Task description:
Return only the lines running from the top of the entries to the line with "SQUADO Lampada UV", inclusive, exactly as written.

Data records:
________________

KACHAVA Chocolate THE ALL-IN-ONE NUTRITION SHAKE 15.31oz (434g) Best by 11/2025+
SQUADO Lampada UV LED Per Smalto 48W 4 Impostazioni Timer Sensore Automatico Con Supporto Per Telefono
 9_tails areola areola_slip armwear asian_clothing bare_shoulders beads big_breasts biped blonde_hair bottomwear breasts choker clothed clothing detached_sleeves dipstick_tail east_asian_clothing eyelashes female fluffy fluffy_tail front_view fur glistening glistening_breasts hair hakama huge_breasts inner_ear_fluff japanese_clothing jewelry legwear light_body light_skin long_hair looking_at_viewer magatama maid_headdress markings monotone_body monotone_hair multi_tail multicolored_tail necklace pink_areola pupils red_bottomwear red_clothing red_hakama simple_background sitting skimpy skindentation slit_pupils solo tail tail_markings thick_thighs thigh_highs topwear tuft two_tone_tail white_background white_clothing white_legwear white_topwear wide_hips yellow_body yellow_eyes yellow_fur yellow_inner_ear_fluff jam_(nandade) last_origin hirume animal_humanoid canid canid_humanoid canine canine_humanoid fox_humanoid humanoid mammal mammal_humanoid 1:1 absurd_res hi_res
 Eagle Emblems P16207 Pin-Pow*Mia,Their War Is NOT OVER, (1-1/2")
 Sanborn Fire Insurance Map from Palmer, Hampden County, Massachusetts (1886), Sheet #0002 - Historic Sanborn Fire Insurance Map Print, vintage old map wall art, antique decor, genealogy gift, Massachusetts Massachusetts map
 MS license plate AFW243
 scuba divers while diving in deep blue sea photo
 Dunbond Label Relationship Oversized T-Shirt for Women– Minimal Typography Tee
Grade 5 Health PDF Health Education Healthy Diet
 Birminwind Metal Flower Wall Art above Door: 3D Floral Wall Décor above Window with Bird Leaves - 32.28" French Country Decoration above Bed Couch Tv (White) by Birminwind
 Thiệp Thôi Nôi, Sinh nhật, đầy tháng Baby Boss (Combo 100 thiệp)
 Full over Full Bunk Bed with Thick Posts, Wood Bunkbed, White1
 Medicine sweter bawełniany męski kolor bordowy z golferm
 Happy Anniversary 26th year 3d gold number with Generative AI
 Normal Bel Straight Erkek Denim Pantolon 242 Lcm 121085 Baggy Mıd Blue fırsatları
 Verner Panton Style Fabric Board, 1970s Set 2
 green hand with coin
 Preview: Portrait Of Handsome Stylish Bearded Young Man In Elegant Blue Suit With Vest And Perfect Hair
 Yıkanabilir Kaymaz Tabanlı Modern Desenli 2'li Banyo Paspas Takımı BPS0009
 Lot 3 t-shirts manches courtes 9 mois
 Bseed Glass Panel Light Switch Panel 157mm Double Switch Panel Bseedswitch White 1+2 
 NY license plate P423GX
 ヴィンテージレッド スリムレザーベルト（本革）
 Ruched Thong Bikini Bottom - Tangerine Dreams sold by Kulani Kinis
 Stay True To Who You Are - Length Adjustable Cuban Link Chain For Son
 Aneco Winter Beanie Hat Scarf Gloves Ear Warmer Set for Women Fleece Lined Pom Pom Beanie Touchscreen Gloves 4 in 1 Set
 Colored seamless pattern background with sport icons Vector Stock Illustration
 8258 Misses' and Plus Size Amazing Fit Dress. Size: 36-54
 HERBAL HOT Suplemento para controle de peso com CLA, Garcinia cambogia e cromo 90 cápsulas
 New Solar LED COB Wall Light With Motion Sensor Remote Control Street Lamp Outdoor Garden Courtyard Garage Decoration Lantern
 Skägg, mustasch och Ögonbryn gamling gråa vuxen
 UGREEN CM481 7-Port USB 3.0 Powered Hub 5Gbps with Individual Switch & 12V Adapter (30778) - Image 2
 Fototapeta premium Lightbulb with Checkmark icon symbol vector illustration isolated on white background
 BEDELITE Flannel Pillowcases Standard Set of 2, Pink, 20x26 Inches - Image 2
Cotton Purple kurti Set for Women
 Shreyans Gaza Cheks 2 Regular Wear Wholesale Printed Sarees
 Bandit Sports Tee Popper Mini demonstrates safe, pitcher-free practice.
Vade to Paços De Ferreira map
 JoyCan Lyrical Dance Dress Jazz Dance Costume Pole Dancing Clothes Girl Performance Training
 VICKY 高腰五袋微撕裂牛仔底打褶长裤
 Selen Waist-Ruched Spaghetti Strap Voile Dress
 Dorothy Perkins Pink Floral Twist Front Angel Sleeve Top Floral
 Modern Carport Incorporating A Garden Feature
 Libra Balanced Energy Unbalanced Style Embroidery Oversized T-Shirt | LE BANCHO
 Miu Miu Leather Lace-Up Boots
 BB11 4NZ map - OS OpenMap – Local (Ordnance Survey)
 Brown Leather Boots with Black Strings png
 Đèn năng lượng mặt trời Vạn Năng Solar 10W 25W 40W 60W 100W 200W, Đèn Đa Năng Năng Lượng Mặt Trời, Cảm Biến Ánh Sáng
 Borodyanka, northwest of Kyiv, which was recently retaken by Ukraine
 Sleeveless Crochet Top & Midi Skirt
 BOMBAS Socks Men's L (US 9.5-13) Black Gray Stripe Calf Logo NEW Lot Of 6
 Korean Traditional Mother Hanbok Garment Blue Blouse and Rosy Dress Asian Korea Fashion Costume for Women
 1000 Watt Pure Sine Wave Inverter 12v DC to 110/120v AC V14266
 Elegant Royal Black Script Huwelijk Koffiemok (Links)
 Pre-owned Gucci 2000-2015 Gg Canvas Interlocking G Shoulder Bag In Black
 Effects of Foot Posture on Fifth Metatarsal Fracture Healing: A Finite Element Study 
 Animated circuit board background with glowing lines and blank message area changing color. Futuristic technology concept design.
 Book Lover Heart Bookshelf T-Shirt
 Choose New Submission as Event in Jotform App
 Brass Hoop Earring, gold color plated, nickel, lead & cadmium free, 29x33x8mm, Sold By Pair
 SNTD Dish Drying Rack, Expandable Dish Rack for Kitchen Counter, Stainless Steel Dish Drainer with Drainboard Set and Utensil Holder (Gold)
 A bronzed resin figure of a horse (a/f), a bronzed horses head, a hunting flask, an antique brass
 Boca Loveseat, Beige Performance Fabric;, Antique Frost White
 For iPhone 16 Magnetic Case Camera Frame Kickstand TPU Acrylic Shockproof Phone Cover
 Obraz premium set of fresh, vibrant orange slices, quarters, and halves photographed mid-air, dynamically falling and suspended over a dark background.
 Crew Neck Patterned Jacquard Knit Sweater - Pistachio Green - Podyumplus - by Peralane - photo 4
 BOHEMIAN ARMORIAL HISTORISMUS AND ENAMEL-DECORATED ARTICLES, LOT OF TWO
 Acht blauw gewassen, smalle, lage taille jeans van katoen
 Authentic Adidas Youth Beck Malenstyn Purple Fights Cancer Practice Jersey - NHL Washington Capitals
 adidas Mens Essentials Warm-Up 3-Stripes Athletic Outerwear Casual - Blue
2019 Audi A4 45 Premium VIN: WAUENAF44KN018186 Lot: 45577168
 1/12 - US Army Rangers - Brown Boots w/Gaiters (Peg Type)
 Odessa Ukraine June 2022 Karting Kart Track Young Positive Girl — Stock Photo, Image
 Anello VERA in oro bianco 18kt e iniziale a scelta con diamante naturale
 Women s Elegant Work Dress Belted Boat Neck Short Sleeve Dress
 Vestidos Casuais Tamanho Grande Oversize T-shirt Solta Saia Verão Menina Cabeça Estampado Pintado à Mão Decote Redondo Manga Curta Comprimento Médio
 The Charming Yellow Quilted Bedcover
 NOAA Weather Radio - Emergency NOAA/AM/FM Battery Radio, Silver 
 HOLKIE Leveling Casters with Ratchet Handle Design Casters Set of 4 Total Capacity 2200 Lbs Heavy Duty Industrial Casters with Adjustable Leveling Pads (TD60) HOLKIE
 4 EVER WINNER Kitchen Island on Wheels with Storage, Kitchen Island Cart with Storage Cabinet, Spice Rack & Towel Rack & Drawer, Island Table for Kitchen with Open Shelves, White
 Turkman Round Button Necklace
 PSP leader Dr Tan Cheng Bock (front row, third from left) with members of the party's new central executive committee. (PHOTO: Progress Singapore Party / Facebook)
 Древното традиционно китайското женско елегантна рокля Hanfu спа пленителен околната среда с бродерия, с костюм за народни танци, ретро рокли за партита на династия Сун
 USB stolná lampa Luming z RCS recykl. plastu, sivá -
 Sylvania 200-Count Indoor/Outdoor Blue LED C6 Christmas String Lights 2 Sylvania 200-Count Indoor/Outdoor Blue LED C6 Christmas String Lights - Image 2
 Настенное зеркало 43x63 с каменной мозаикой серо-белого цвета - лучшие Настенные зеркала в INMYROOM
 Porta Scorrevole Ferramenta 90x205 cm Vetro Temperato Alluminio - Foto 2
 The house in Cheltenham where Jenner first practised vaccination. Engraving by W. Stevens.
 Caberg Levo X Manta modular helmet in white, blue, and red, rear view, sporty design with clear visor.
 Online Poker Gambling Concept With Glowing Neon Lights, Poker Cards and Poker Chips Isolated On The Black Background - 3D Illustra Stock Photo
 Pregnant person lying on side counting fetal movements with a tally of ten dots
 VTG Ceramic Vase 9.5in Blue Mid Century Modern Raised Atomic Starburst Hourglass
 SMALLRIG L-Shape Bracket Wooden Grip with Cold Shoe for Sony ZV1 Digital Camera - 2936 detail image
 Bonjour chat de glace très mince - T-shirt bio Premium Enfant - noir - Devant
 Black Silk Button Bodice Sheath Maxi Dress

________________

Written answer:
KACHAVA Chocolate THE ALL-IN-ONE NUTRITION SHAKE 15.31oz (434g) Best by 11/2025+
SQUADO Lampada UV LED Per Smalto 48W 4 Impostazioni Timer Sensore Automatico Con Supporto Per Telefono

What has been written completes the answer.